If you look very closely, there is an initial segment of less-turbulence (R) morphing into a segment with a lot of turbulence (A) morphing into what's essentially a pure frequency (M) with, in the man's case, an overtone; followed by another rougher patch (E), followed by another "more pure" note (N), which seems to be very similar if a bit softer, more drawn-out, and possibly with a higher overtone in each case.

One thing that's very noticeable is that the woman's voice goes up-and-down a lot more, which manifests as her voice's higher pitch.

Another thing is this "turbulence" stuff: this stuff, and any sort of "noise," is a lot of different frequencies happening at once. Your ear actually has a part called the "cochlea" which appears to have little hairs that each are at a slightly different resonance frequency due to their different locations in the organ -- so different frequencies vibrate different hairs in your ears! It's the whole pattern of how these hairs vibrate together which makes the difference between the "a" sounds in Dad and Father, which are very different vowel-sounds (at least in American English!).

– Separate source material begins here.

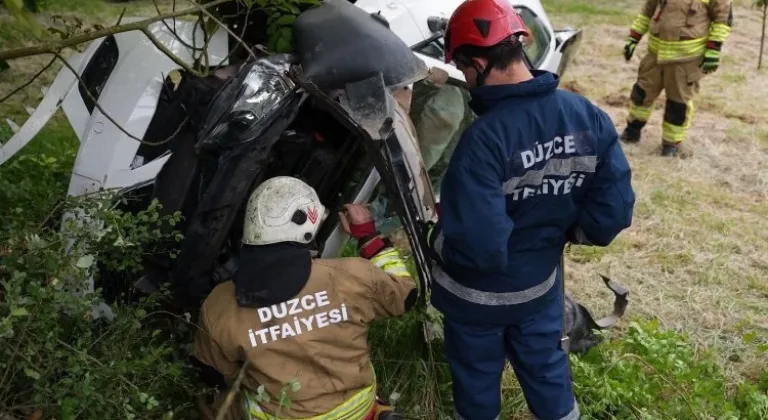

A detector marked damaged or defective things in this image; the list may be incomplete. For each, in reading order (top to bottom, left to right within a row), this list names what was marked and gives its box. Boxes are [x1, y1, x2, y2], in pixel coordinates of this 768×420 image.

In general then there are not two pure numbers which distinguish a pure sound (its frequency and amplitude) but there are instead two functions of frequency which distinguish a pure sound. The first function is the amplitude as a function of frequency -- any pure sound is going to have a bunch of different components at different frequencies! -- and the second parameter is called the phase of the different frequencies. The two numbers are only going to distinguish two sine waves that start out in-phase, but very few of the sounds you hear are sine waves and very few of the sounds you hear are perfectly in phase.

Since a phase is best represented as an angle with such periodic and quasi-periodic waveforms, the natural description of a sound is actually in terms of a function which assigns every frequency a 2D scaled rotation matrix where the rotation angle is the phase and the scale-factor is the scale; it's in 2D because you only need one angle. Such scaled rotation matrices are also known as complex numbers and this function is called the sound's Fourier transform, defined as: $$y[f] = \mathcal F_{t \to f}~y(t) = \int_{-\infty}^\infty dt~ e^{-2\pi i f t} y(t).$$ It turns out that this has a very cool property which is its "inverse transform"$$y(t) = \mathcal F^{-1}_{f\to t}~ y[f] = \int_{-\infty}^\infty dt~ e^{+2\pi i f t} y[f].$$First off, the fact that this exists at all means that both pictures are 100% equivalent for any time-signal: we can always analyze what it looks like in the frequency domain. Second, the fact that its inverse takes almost exactly the same form allows us to reuse our fast Fourier transform tricks to build a fast inverse-Fourier transform, so these are used all the time in signal processing.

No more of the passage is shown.